Task objective —
Among the entries below, find the line with "Plowed land and", then quote it and each following line up to and including the line with "억새,가을,가을이미지,식물", and nothing else.

Data extracts —
........

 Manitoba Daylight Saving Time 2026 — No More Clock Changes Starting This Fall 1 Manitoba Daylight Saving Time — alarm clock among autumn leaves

........

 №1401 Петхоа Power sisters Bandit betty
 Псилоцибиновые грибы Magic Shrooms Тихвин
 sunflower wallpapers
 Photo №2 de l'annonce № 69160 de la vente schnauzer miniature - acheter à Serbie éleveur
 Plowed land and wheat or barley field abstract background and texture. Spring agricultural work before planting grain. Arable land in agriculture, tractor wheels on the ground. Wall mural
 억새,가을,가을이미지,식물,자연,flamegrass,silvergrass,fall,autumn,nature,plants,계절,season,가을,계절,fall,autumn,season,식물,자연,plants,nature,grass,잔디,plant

........

The answer —
 Plowed land and wheat or barley field abstract background and texture. Spring agricultural work before planting grain. Arable land in agriculture, tractor wheels on the ground. Wall mural
 억새,가을,가을이미지,식물,자연,flamegrass,silvergrass,fall,autumn,nature,plants,계절,season,가을,계절,fall,autumn,season,식물,자연,plants,nature,grass,잔디,plant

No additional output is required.